Running a CDLIS search is critical if you hire commercial drivers

If you hire commercial drivers, or contract independent drivers, it is critical that you run a search of the Commercial Driver’s License Information System (CDLIS).

By running this search commercial drivers can’t hide previous driving infractions, accidents or any back-up driver’s licenses. And, it protects your claim with an insurance agency as most carriers will not cover a driver who has an active license in more than one state.

This CDLIS service is a cooperative exchange of commercial driver information between jurisdictions nationwide. APSCREEN runs the driver’s social security number (SSN) through all 50 state’s DMVs and reports where that SSN is on record as associated with a driver’s license.

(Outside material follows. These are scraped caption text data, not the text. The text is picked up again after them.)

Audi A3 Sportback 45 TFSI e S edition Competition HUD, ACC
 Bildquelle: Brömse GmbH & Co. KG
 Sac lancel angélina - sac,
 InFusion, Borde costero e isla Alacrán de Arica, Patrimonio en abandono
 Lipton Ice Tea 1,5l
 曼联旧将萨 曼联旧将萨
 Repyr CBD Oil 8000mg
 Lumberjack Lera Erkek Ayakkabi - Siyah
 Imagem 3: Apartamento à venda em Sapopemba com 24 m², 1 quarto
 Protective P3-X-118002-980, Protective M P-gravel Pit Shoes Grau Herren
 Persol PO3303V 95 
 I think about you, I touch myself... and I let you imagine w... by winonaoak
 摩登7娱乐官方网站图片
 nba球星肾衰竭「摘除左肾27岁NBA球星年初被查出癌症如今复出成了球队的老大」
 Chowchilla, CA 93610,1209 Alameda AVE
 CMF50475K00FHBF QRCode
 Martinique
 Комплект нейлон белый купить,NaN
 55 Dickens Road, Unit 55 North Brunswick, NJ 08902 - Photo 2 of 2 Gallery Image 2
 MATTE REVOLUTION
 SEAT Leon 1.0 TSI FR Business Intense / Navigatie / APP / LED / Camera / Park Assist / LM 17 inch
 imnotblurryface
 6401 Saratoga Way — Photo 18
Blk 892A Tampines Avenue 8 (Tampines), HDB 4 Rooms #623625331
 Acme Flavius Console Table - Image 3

According to the Commercial Motor Vehicle Safety Act of 1986 (CMVSA), the basic purpose of CDLIS is to assure that commercial drivers have only one active driver’s license, one active record and have passed state-sanctioned driving skills tests, thus helping employers comply with the Federal Motor Carrier Safety Act (FMCSA).

In addition, if an employer hires a driver, they become eligible for the Employers Pull Notice (EPN) program available in several states which provides automatic updates at the time of an infraction.

When a company contracts with an independent driver, however, they are not qualified for the EPN program but must request that the driver provide a K3-style driving record from the DMV.

Employers may also conduct the CDLIS search frequently to monitor its driver’s behaviors after being hired, because some drivers will try to hide infractions – or tickets – from other states under alias names.

Under APSCREEN’s proprietary approach to implementation of this CDLIS service, prospective driver candidates are given ample opportunity to disclose information about their driving history and licensure which concentrates the focus on integrity as well as on the substance of discovered record(s). The primary reason for APSCREEN’s omission strategy is the lack of plaintiff cases involving omission-based elimination of candidacy claims.

For example, if a driver is contracted for a job in California, the employer can search the CDLIS prior to hiring and six months down the line. This gives a much-needed opportunity to determine if a driver has more than one license and a window into post-employment driving acts which could affect employer liability.

Driving a Commercial Motor Vehicle (CMV) requires a higher level of knowledge, experience, skills, and physical abilities than that required to drive a non-commercial vehicle. To obtain a Commercial Driver’s License (CDL), an applicant must pass both skills and knowledge testing geared to these higher standards.

Additionally, CDL holders are held to a higher standard when operating any type of motor vehicle on public roads. Serious traffic violations committed by a CDL holder can affect their ability to maintain their CDL certification.

Most drivers obtain a CDL through their home state and it is illegal to have a license from more than one state. In addition, special endorsements may be required if you or your company drivers drive any of these vehicles: a truck with double or triple trailers, a truck with a tank, a truck carrying hazardous materials, and/or a passenger vehicle.

Employers are subject to a penalty of $10,000 if they knowingly use a driver to operate a commercial motor vehicle without a valid CDL and untold liability if a driver has been found to have been negligently hired.

This is yet another tool for the employer’s toolbox to avoid negligent hiring lawsuits and make transport a safer environment for all motorists.